3 cups all-purpose flour
225ml room temperature water plus 25ml for adding
1/8 teaspoon salt
In a mixing bowl with all-purpose flour and water and mix to combine; knead the dough until smooth and slightly tacky (this kneading by hand takes about 15-20 minutes or using a standing mixer).
Cover with a damp cloth and set aside to proof for 20 minutes.
Turn over the proof dough onto a well dust board and knead for 5 minutes and then roll into a long lookalike log. Cut the log into equal pieces (about 11gm each). Then roll each piece into a round disc, 3 inch diameter.
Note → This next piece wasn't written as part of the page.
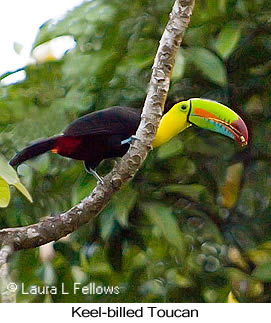Keel-billed Toucan - &copy; Laura L Fellows and Exotic Birding LLC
Continue the same process until all the pieces are completed. Keep all the completed discs covered with a damp cloth to prevent from drying up.
Pork Aspic (Jelly)
1/3 pound pork rind
1½ tablespoons cooking wine
5 stalks green onions, cleaned and halved
1 thumb-size fresh ginger, peeled and sliced
Place the pork rinds and water in a pot over medium-high heat and bring to a boil and cook until the pork rinds are slightly transparent. Remove the pork rinds and rinse under running cold water to remove impurities and fat. Then cut the cooked pork rinds into small strips.
Transfer the pork rind strips into a pressure cooker/pot with enough water to cover the pork rinds and cook. Add the ginger and a few green onions and cover, cook for 40-45 minutes. Heat off and leave the rind and soup to cool down. Once it is cool, transfer to a food processor to blend for a few seconds. Then filter the blended pork rind soup on to a container and chill the filtered liquid in the refrigerator overnight.
1½ pounds lean ground pork
1½ tablespoons minced green onion
1½ tablespoons minced ginger
1½ tablespoons raw sugar
3 teaspoons salt
1 teaspoon ground white pepper
3 tablespoons light soy sauce
1 teaspoon seasoning soy sauce (Golden Mountain Brand)
1½ tablespoons sesame oil
Soak the minced green onions and minced ginger with ¾ cup hot water in a deep bowl for 8-10 minutes.
Place the ground pork in a large mixing bowl and add ¼ cup of the green onion mixture with the liquid and then stir in one direction, then add another ¼ cup of the green onion mixture, stir as directed and finally all the remaining green onion mixture and stir until is completely absorbed by the ground pork. Add the raw sugar, salt, white pepper, light soy sauce, seasoning soy sauce, sesame oil and mix to combine well with the pork mixture. Set aside to stand for 10-12 minutes.
Remove the pork aspic (jelly) from the refrigerator and use a dinner knife gently cut into tiny pieces and add to the pork mixture.
Meanwhile, heat a Chinese steamer/bamboo steamer with some water over medium-high heat and bring to a boil. Lay some zongzi leaves or parchment paper or brushing some oil on the rack to prevent dumplings from sticking on the rack.
With a round flour wrapper on your palm, place a heap spoonful pork mixture in the center and then gather the edge of the wrapper and continue until all the edges are gathered to the center and give it a press. Continue doing the same procedure until all the flour wrappers and pork mixture are done. Place the finished dumplings about 1 inch apart from each other on the steamer rack and returning to the steamer base.
Place the steamer rack with the dumplings on the steamer and steam for 12-15 minutes. Serve with the bamboo rack with Chinese black vinegar or chili sauce.